[Available data Boundary: Start]

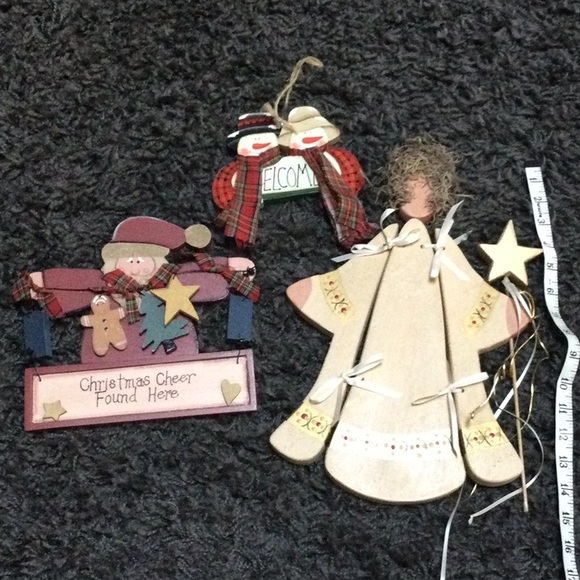 3 wooden hand crafted Christmas signs. 2 hanging signs 1 decorative angel - Picture 1 of 4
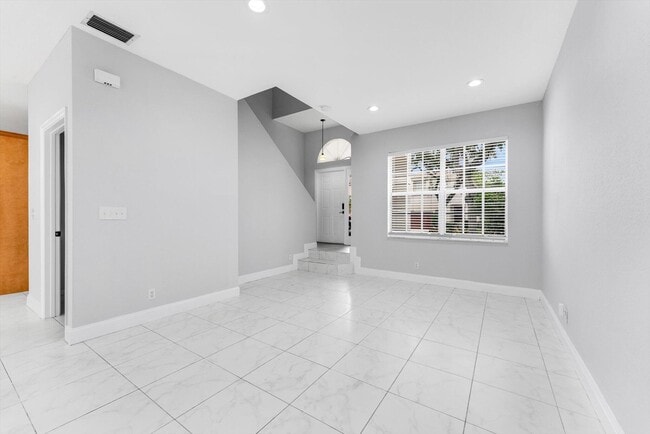 Building Photo - 5814 Eagle Cay Ln
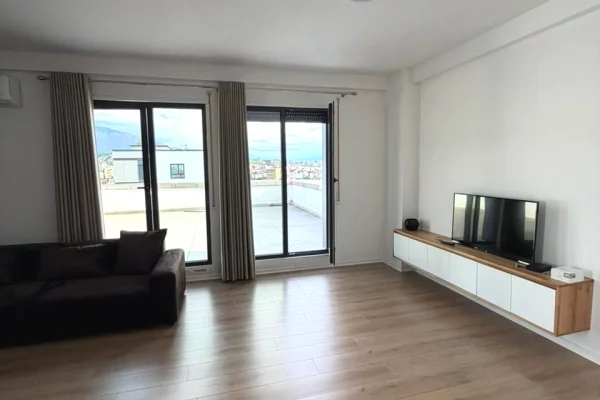 Shtepi ne shitje Apartament ne Tirane, 2+1, Mobilimi E mobiluar, Pagesa 289,200  Euro.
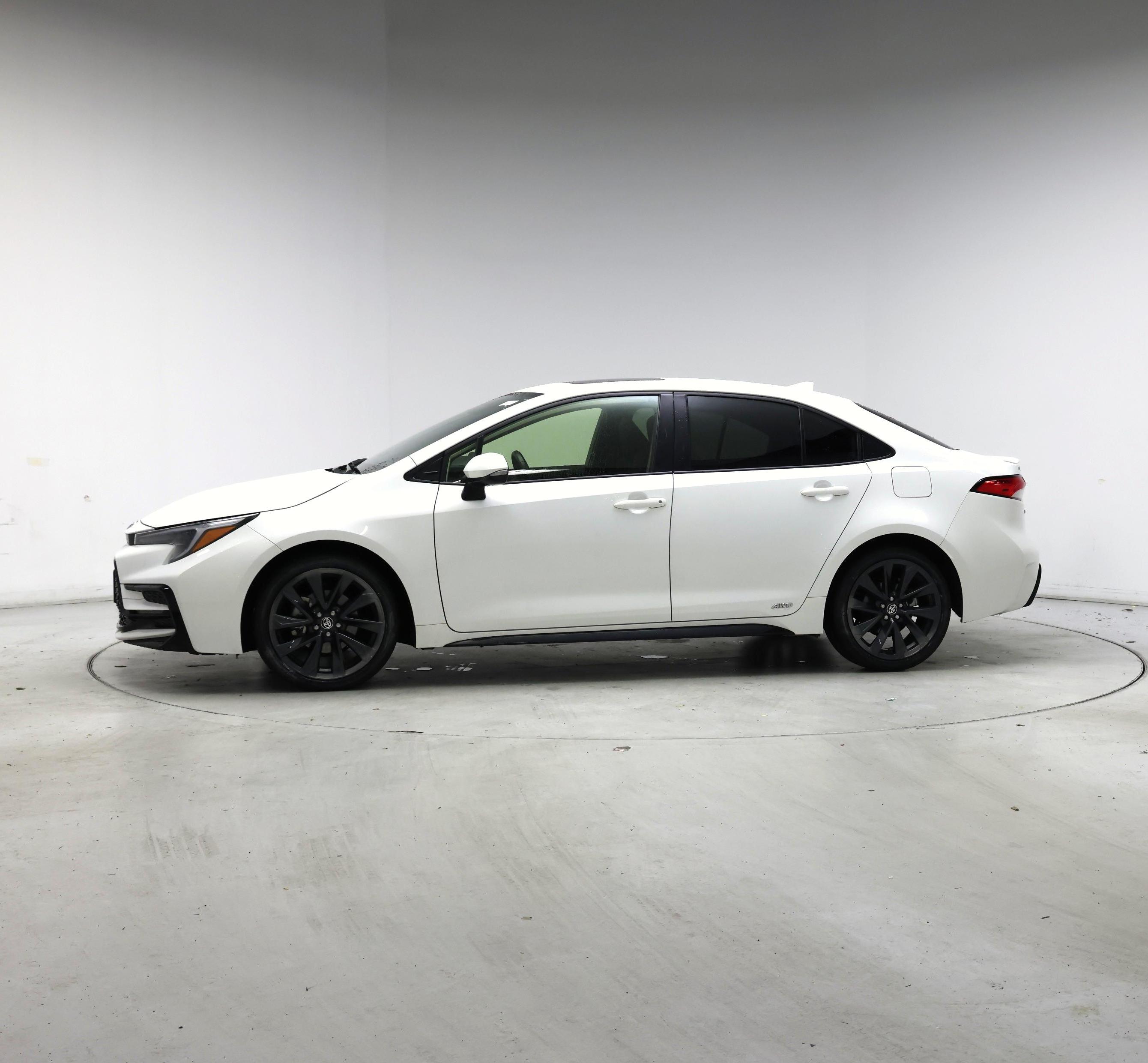 Thumbnail: 2024 Toyota Corolla - 3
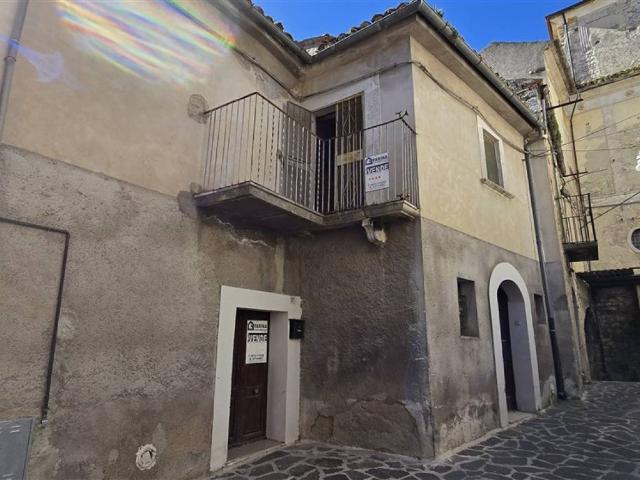 Villa Indipendente in vendita a Villa Santa Maria, Abruzzo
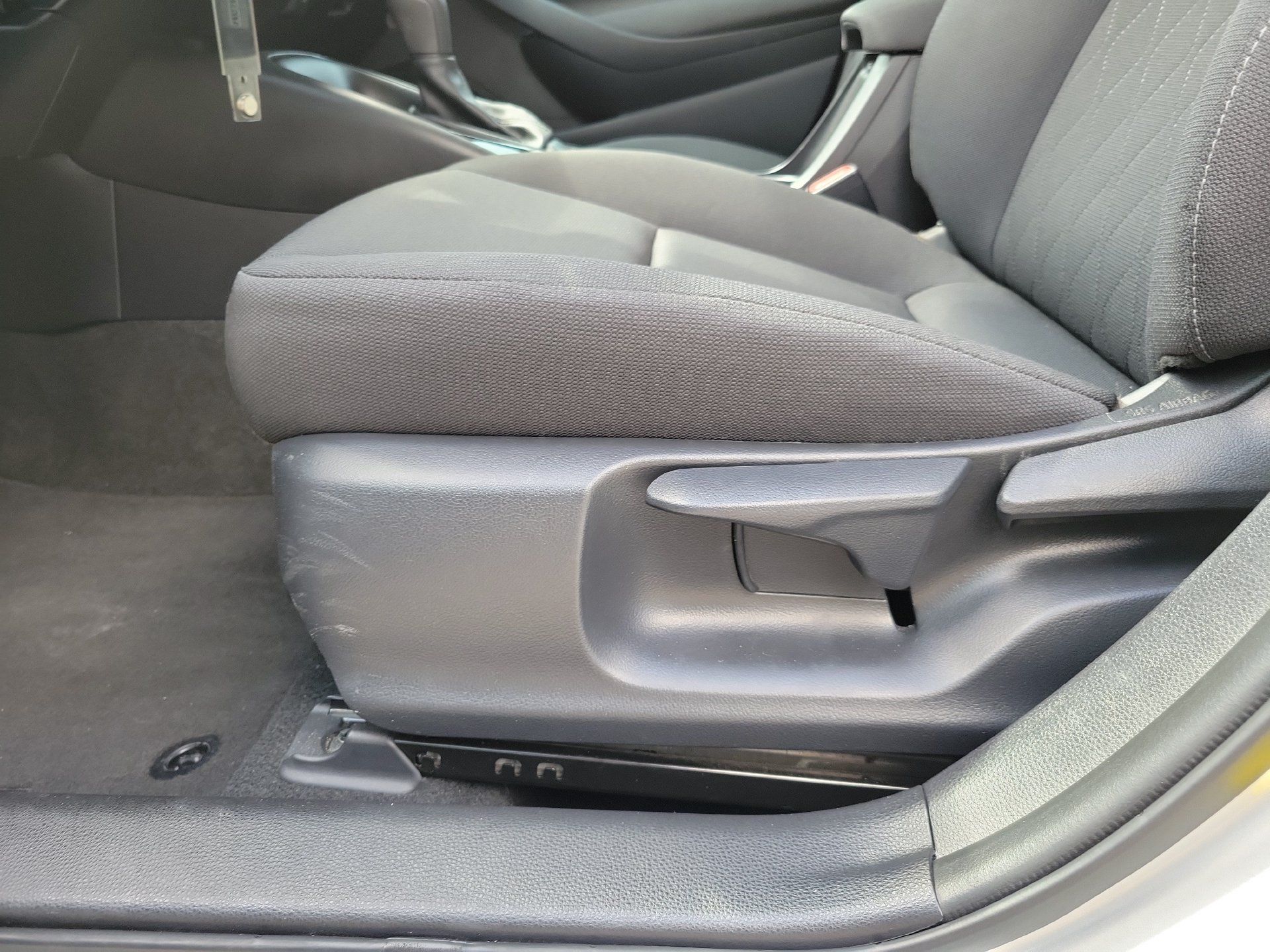Used 2025 Toyota Corolla LE FWD image 26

[Available data Boundary: End]

Problem:
Would you print all of the entries exactly, omitting any image?

Solution to this exercise:
 3 wooden hand crafted Christmas signs. 2 hanging signs 1 decorative angel - Picture 1 of 4
 Building Photo - 5814 Eagle Cay Ln
 Shtepi ne shitje Apartament ne Tirane, 2+1, Mobilimi E mobiluar, Pagesa 289,200  Euro.
 Thumbnail: 2024 Toyota Corolla - 3
 Villa Indipendente in vendita a Villa Santa Maria, Abruzzo
Used 2025 Toyota Corolla LE FWD image 26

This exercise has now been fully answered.